By Sandra Harwitt
Okay, I’ll admit it. I’m starting to get worried about the future – at least the immediate future of Rafael Nadal.
Only last week I was saying that his 6-3, 6-3 semifinal loss to world No. 1 Novak “No one can beat me” Djokovic shouldn’t make Nadal fans unduly nervous. After all, even as recently as last spring Djokovic defeated Nadal at Rome, but couldn’t get the better of the King of Clay in the French Open final.
But, after suffering his second defeat this year to Fabio Fognini in Barcelona – a 6-4, 7-6 (6) third round loss on Thursday – one has to wonder if Rafa will ever be Rafa again.
Last year’s right wrist injury kept Nadal off court for three months after Wimbledon. Then his bout with appendicitis that llimited him to only two tournaments in the fall before undergoing surgery ended his season.
In the past, Nadal, gritty and determined, came back from inury interruptions even stronger, proving his awe-inspiring relevancy in the game. But this year it isn’t turning out to be the same case. He’s 18-6 in the win-loss department with his lone title coming on clay at Buenos Aires in February.
It wasn’t just my opinion that Nadal would get going when the clay season ran around. It was also Nadal’s belief – or maybe just his hope of hopes. He told me such during the first week of the year at the Qatar ExxonMobil Open. While he wasn’t throwing in the towel regarding the Australian Open, or the American hard court season, he was very clear that what is always most important to him was when the tour went Euro for the red clay spring. No surprise considering his record nine French Open titles – in his 10 years playing Roland Garros he’s lost one match – a fourth-rounder in 2009.
Only 28-years-old, with a number of good years ahead if he can stay healthy, it seemed entirely possible that Nadal’s current 14 Grand Slam titles could grow to equal – or surpass – Roger Federer’s record 17 titles at the major. Now the idea of Nadal touching Fed’s record is looking less plausible. But what makes this factor more astonishing is that it isn’t Nadal’s physicality that is threatening his positioning in the game. It’s his mindset.
At the Miami Open, after his three-set, third round loss to countryman Fernando Verdasco, Nadal admitted he’s playing scared. He said he’s nervous – confused – on points. He just doesn’t feel he can sense what will happen next on a point. That kind of statement from a guy who played tennis like a chess master who knew how a point would play out three strokes from when he was currently hitting the ball was raw and unnerving, and also brutally honest.
Can Nadal find his way? The tennis world certainly should be hoping so as his presence on the tour makes the game a better place.

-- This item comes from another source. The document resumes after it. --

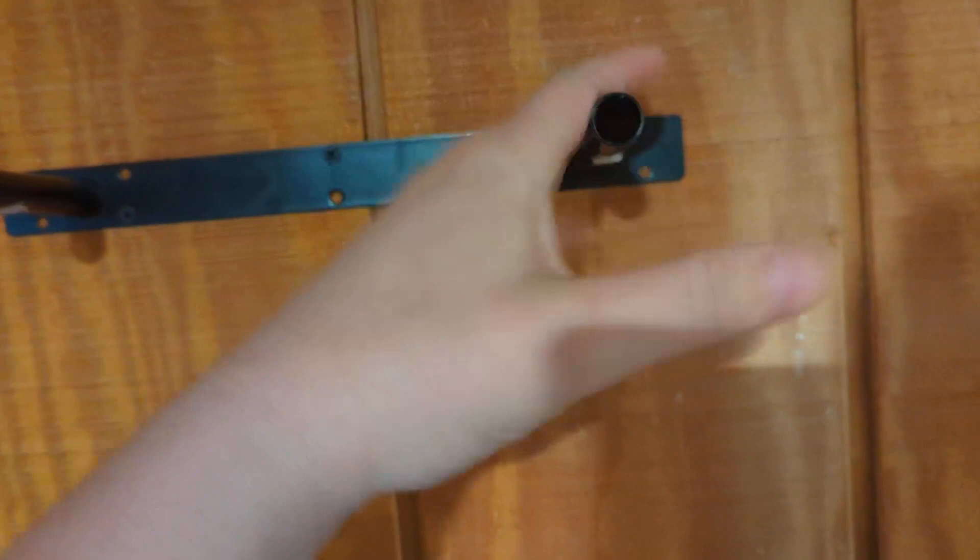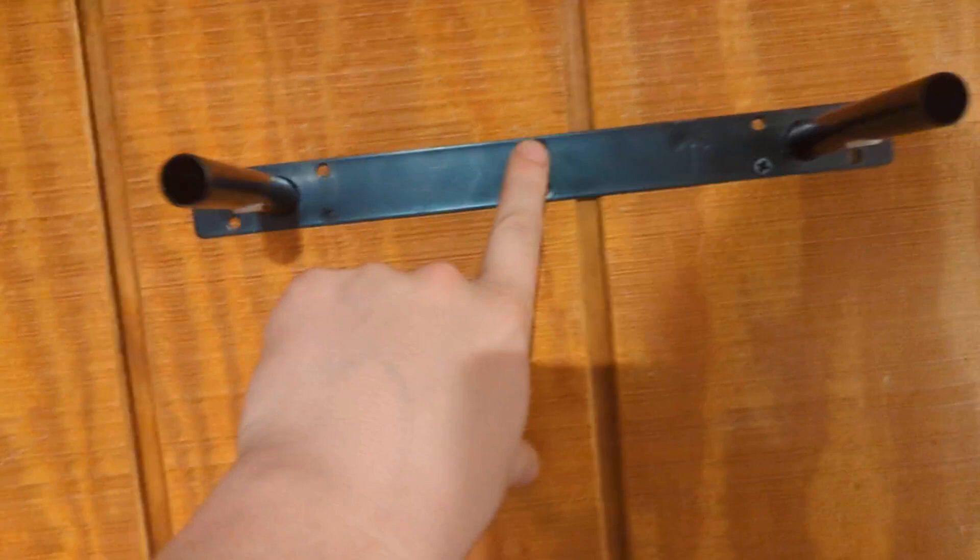Basically, it's really, really simple. They give you these two supports — these are steel, these are metal, so they're pretty strong. And then you're just going to screw into the wall. There's a couple of screws that go in the wall. It's really, really self-explanatory.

But as the French Open looms only four weeks away he’s going to need to get his head in gear – and fast. In Miami he said he would be dealing with his fragile mental state on his own – no sports psychologist needed.

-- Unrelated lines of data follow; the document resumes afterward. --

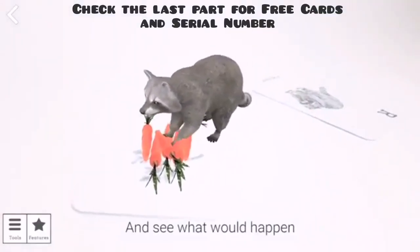Select the interactions option, place it in front of the animal, and see what happens.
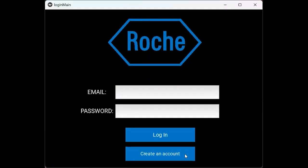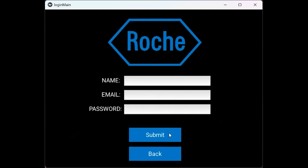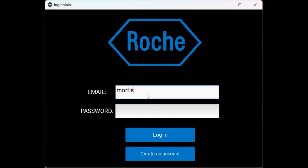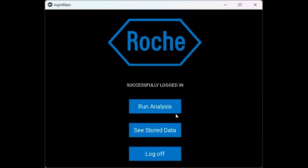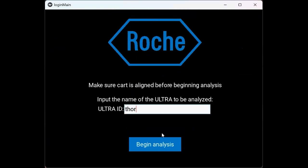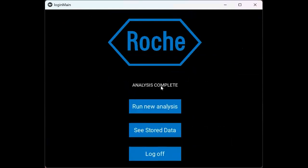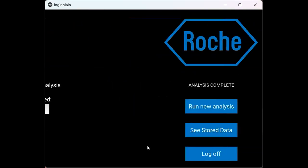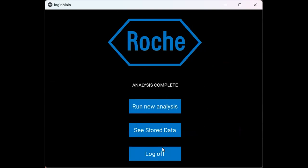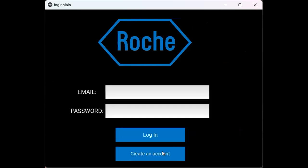This interface allows the user to create an account using their name, email, and a chosen password. Once the account is created, the user can log in to the platform. After successfully logging in, the user will encounter three buttons: one for running analysis, another for seeing stored data, and the last one for logging off. Once the user clicks on running analysis, a message is displayed reminding the user to double-check that the cart is correctly aligned with the device. The user then inputs the name of the device to be analyzed and clicks begin analysis to run the fluid detection. When the analysis is finished, three buttons are displayed: one for running another analysis, one to access stored data, and one for logging off.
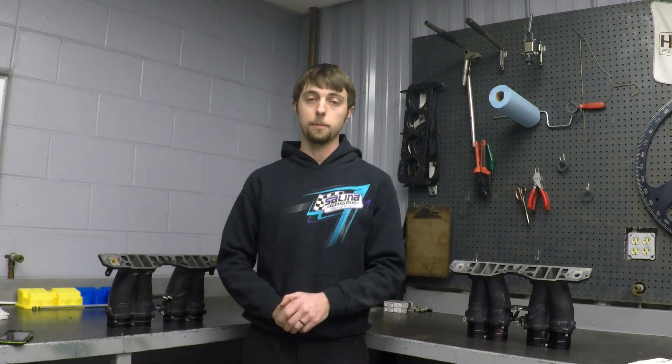Hello, this is Adam with Salina Engine in Salina, Kansas. I'd like to talk to you today about a corrosion issue that you may or may not know that you're having with your injection manifolds on your sprint car engines.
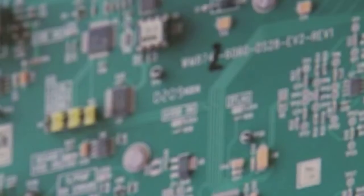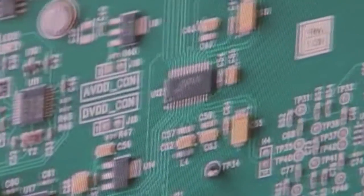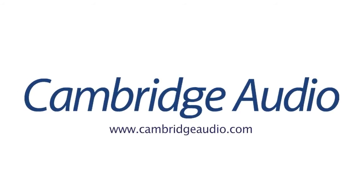Our engineers here at Cambridge Audio always select the best components for our range of DACs. And of course, the better your DAC, the better the sound quality will be at the end. I'll see you next time. Bye.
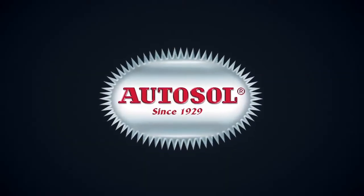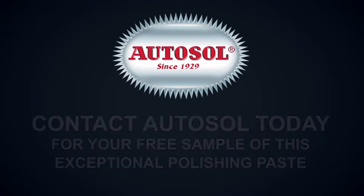Reduce plastic residue buildup and increase production time with AutoSol today.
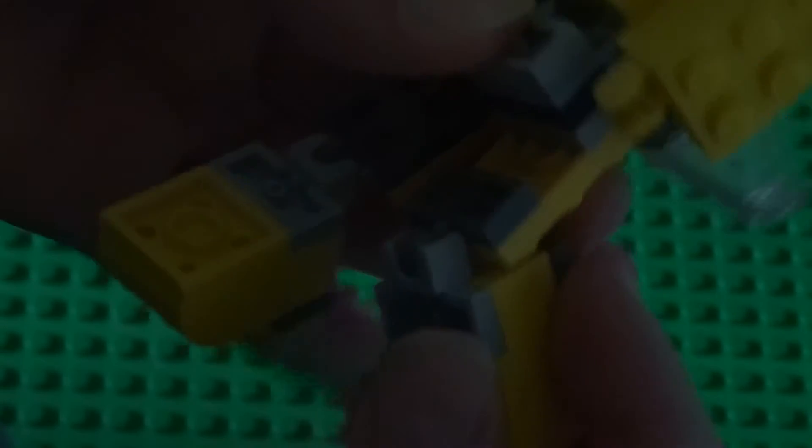Everything's breaking — this is a flimsy transformer. You take this off and place it at the bottom, and do the same with the other one. So like that, and then turn them up — and those are their feet.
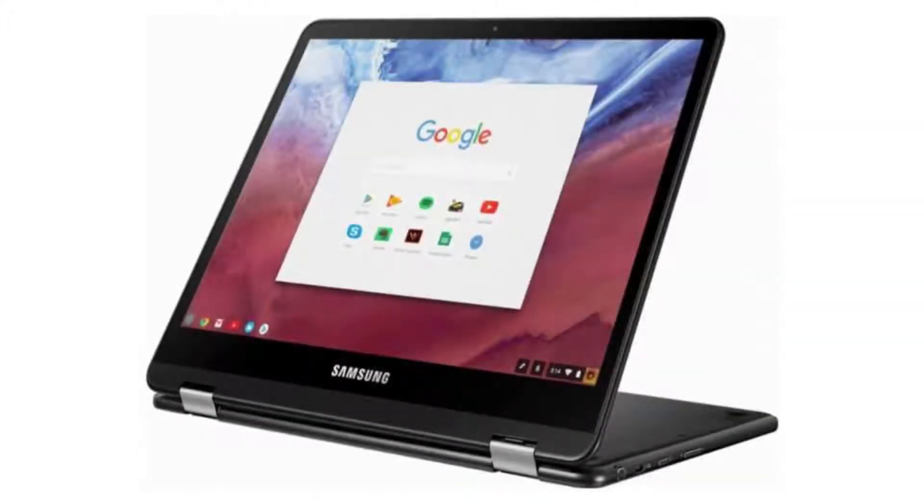It comes with a fanless dual-core Intel Core M3 6Y30 CPU, a 12.3-inch 2K Quad HD display with Gorilla Glass 3, and a touchscreen.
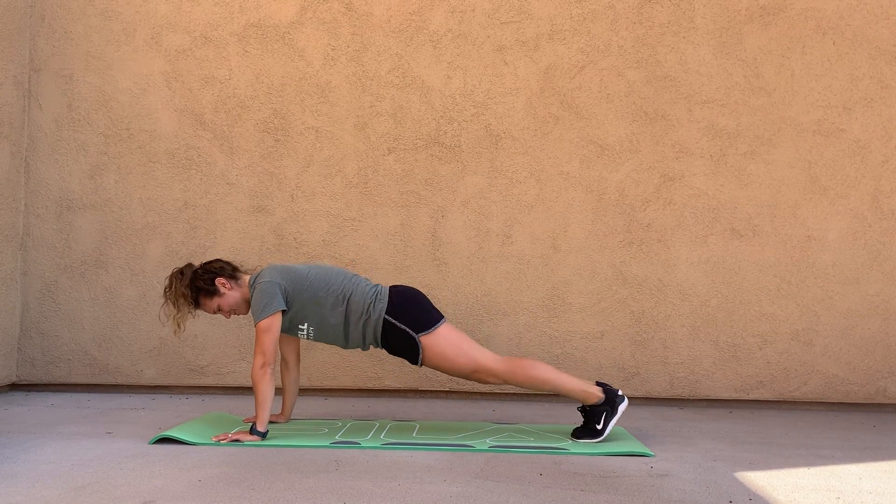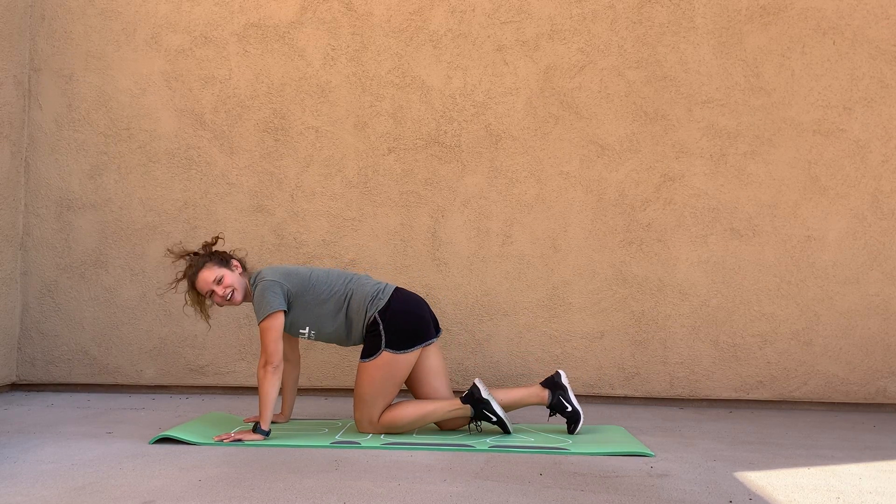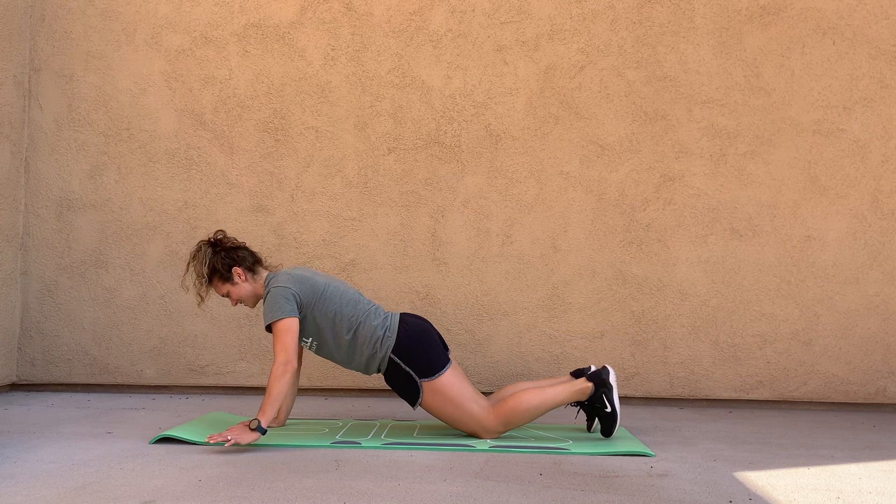You also have the option to touch and just tap your toes, or even to go onto your knees and tap your arms out to the side instead.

One factor that will make Nadal’s path even more difficult is that Djokovic is looking even more untouchableby with every day that passes. He’s fit, he’s confident and he’s been virtually unbeatable. An he really likes the way that scenario feels.

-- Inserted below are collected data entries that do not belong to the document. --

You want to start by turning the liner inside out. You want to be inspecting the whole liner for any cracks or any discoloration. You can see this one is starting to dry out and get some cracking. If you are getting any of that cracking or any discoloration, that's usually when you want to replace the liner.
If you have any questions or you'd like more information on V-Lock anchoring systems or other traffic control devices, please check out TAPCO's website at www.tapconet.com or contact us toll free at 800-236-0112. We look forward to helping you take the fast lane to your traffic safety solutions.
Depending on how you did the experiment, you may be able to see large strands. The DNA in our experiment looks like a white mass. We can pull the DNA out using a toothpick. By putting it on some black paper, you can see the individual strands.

There’s nothing more that Djokovic wants in this world than to complete his set of Grand Slam trophies with a French Open title. Most would probably agree that only the “real” Nadal, the dominator of clay, could stop Djokovic’s quest for a French Open title. But with only a month to go before the tennis world descends on Paris, Nadal has little time to get his head together. It just could be too big of an ask, especially if Nadal insists on relying on self-analysis.